A novel discharge source of hydronium ions for proton transfer reaction ionization: design, characterization, and performance

Abstract

A novel ion source based on direct current (d.c.) discharge has been developed for proton transfer reaction ionization operated at relatively high ion drift tube pressure. The shape and geometry of the ion source are designed to maximize overall ion intensity and to minimize interference from sample air. The initial performance of the technique, including speciation and intensity of reagent ions, their stability, and the impact of artifact signals, is evaluated by means of a proton transfer reaction time-of-flight mass spectrometer (PTR-TOFMS) newly built in our laboratory.
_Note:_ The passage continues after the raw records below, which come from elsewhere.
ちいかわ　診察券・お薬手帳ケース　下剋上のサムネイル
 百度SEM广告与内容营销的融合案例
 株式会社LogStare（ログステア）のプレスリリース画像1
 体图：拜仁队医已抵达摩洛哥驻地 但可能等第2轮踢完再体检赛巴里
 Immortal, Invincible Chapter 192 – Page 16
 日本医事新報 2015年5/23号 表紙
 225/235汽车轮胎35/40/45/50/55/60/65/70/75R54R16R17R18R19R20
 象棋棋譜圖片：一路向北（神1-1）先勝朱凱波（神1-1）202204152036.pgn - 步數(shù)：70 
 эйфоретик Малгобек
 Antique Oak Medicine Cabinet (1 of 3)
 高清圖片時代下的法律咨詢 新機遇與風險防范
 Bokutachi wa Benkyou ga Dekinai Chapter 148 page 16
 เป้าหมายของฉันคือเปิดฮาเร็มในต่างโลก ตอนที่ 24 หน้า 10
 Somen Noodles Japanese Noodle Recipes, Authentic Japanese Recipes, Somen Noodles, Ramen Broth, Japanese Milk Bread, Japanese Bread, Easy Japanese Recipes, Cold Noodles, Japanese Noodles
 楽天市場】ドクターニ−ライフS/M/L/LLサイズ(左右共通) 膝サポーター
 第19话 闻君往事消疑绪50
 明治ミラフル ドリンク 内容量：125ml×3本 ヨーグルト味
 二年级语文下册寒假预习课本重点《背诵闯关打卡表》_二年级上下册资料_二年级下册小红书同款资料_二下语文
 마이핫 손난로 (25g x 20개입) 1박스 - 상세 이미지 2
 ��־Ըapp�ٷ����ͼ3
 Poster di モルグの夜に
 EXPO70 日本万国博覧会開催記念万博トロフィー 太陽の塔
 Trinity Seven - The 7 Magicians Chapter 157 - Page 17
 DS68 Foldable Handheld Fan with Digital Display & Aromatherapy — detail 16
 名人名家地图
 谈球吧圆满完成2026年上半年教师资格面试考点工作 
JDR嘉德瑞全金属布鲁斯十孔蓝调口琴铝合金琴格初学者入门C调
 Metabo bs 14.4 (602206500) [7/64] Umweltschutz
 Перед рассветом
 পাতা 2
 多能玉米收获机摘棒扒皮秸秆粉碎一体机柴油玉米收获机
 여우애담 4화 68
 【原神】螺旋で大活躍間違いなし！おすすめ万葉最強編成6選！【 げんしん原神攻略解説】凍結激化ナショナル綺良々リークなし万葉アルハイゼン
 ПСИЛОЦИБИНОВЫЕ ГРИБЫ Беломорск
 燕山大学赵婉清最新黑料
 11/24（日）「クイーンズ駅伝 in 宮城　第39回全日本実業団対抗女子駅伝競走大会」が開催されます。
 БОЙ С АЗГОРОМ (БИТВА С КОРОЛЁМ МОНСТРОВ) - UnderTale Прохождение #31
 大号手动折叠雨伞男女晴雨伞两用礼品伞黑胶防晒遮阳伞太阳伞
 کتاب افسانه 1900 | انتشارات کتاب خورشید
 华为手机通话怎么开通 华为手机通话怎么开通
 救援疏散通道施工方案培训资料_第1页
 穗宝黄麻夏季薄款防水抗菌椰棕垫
Intensities of the hydronium (H(3)O(+)) ions are typically (5-7) x 10(5) counts for a 1-min integration time with a duty cycle of approximately 1%. The fluctuations of the ion signals over a period of hours are within 4%. Although the formation of artifact ions from sample air (NO(+) and O(2) (+)), which react with volatile organic compounds (VOCs) and subsequently cause fragmentation, is observed as background signals in addition to hydronium and mono- and di-hydrate H(3)O(+) ions, intensities of both NO(+) and O(2) (+) ions are only approximately 0.5% of those of H(3)O(+) ions. Using our PTR-TOFMS system at a drift tube pressure of approximately 5 Torr, the detection sensitivities are significantly improved and the detection limits for propene, acetaldehyde, acetone, isoprene, benzene, toluene, and p-xylene are estimated to be at the sub-ppbv level for 1-min integration.